Parliamentary Elections Proceed With Few Disruptions

Officials said election results will be available in about a month.

The parliamentary elections were the first since 1969 and capped an international political rebuilding plan aimed at returning democracy to Afghanistan after the ouster of the tyrannical Taliban regime in 2001.

“It is not the end of the international commitment,” said U.S. Ambassador to Afghanistan Ronald Neumann. “I see the international community very strongly remaining in Afghanistan.”

Experts said overall turnout on Sunday appeared to be 50 percent of the country’s 12.4 million voters, lower than the estimated 70 percent turnout during the presidential election in October.

“We are making history,” Afghan President Hamid Karzai told reporters just before casting his own votes. “It’s the day of self-determination for the Afghan people. After 30 years of wars, interventions, occupations and misery, today Afghanistan is moving forward, making an economy, making political institutions.”

Taliban militants had promised widespread violence on election day but reportedly followed through with only a few scattered attacks.

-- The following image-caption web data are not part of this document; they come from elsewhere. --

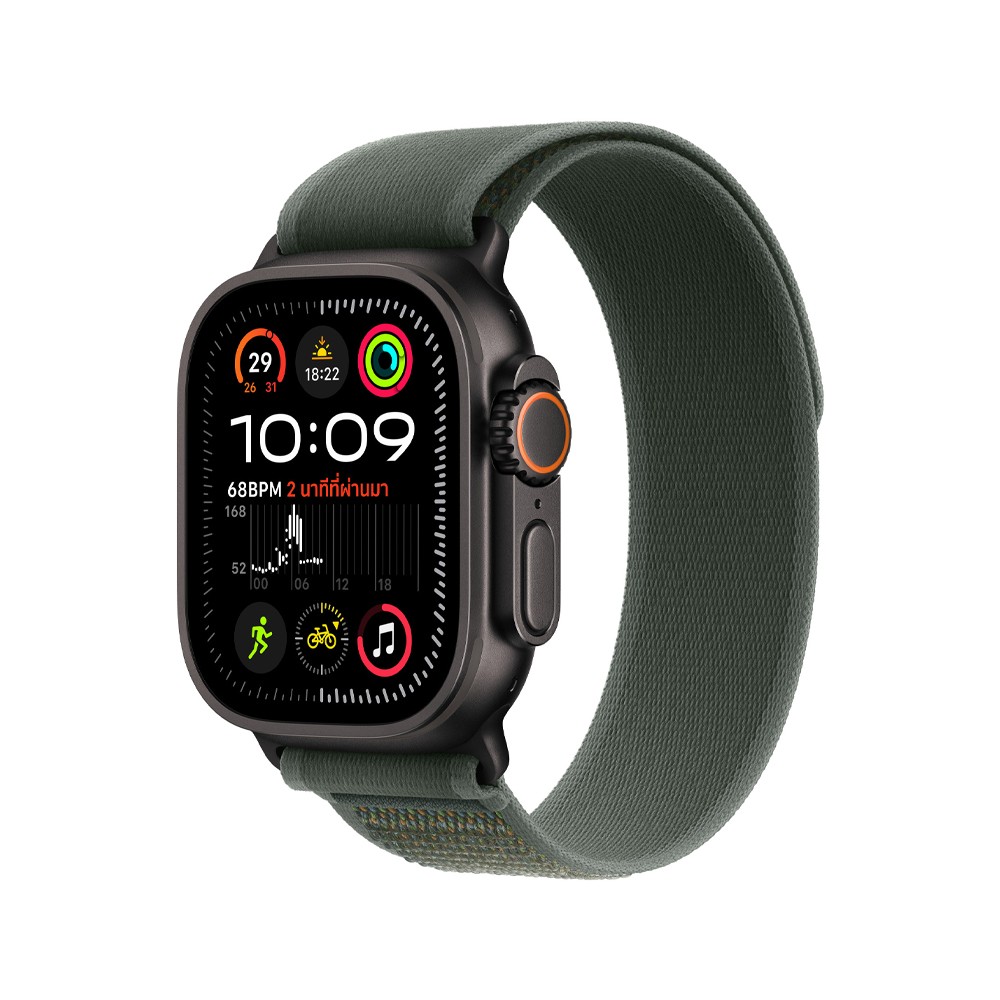 Apple Watch 49mm Green Trail Loop - M/L - Black Titanium Finish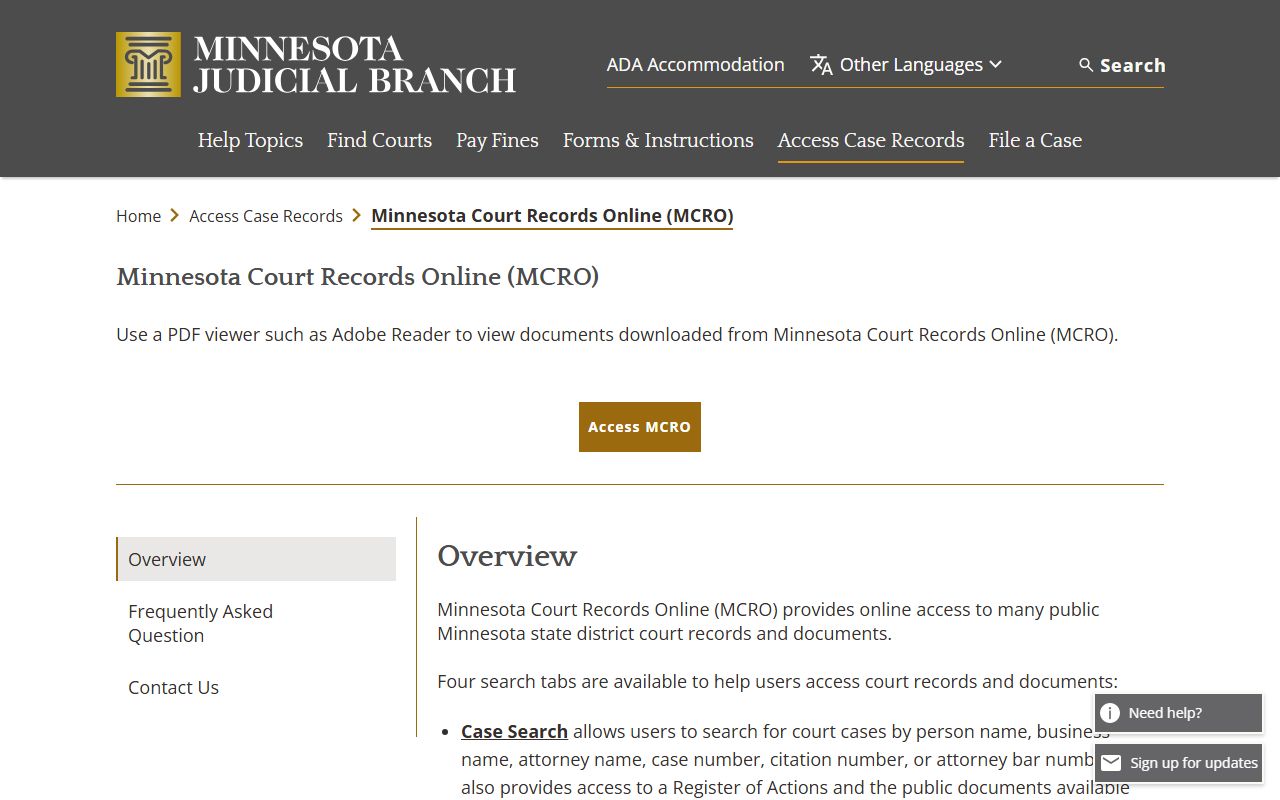 Minnesota Court Records Online information page for traffic ticket record access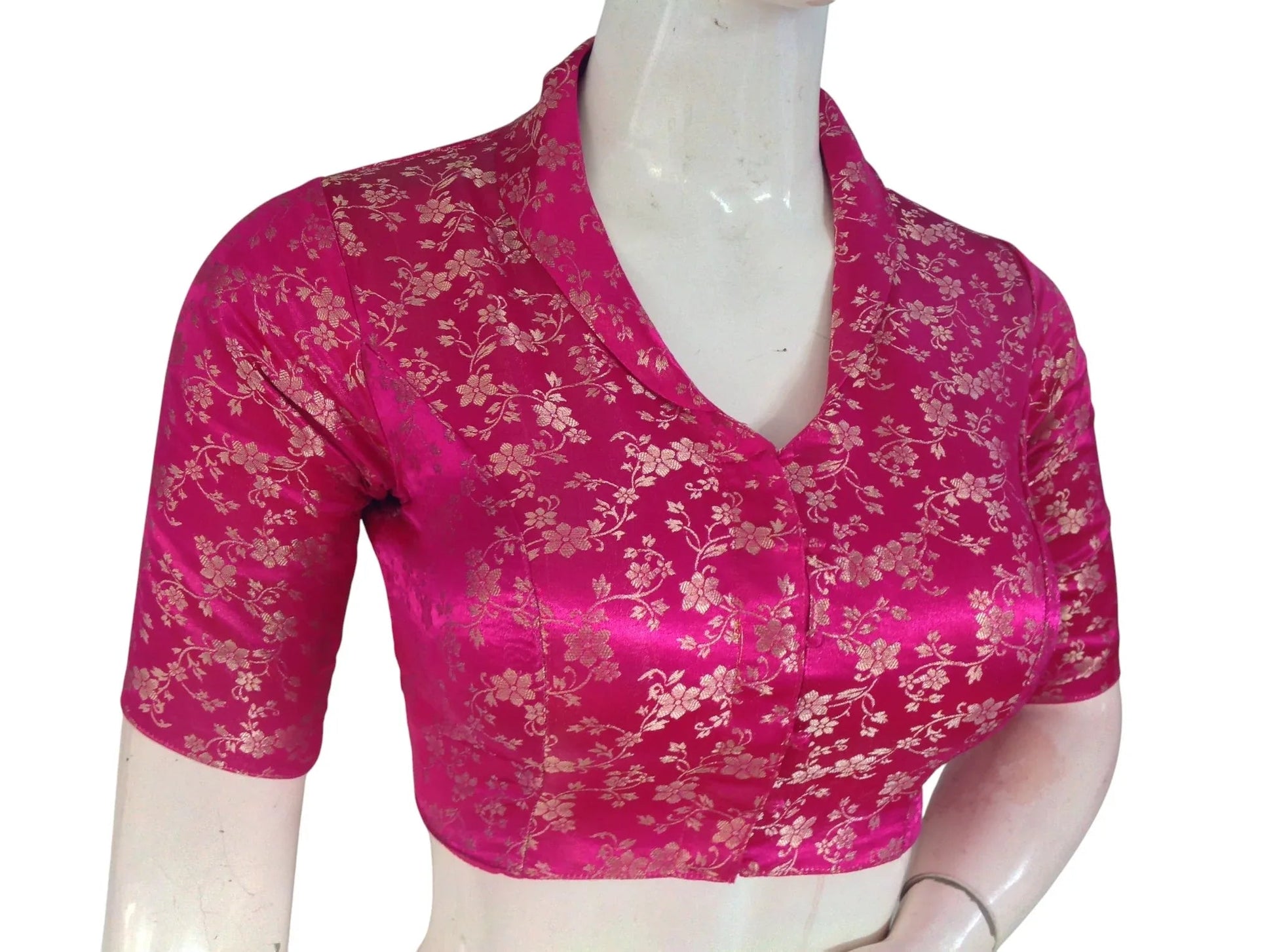 Floral Brocade Silk Saree Blouse with Mandarin Collar Neck| Readymade Designer Blouse (Multiple Colors Available) - D3blouses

The Washington Post reported that a dozen people were killed in various attacks across the country. The dead included Afghan civilians, two Afghan police officers, three Taliban fighters and one French solider.

Afghanistan’s 6,000 polling places were guarded by a force of 130,000, including Afghan police, U.S. and coalition forces, and NATO troops. Some 20 polling places were attacked with rockets or small arms fire.

A spate of violent attacks leading up to election day left six candidates and four election workers dead.

International observers said the violence along with other forms of intimidation and voting irregularities plagued some local areas but did not have an overall effect on the election.

“We did see some procedural irregularities but nothing that I consider systemic and which would have influenced the overall conduct of the election,” Peter Erben, an officer with a United Nations-backed monitoring group, told the New York Times. “This was a peaceful and good election.”

Reports from Afghanistan said that many of the candidates in Sunday’s contests were tribal leaders, members of militias, or former warlords.

“If a warlord is voted in, I believe it sort of legitimizes that man,” Qayoom Karzai, the president’s brother and a candidate for Parliament, told the New York Times. “Hopefully, he will act as a clean man.”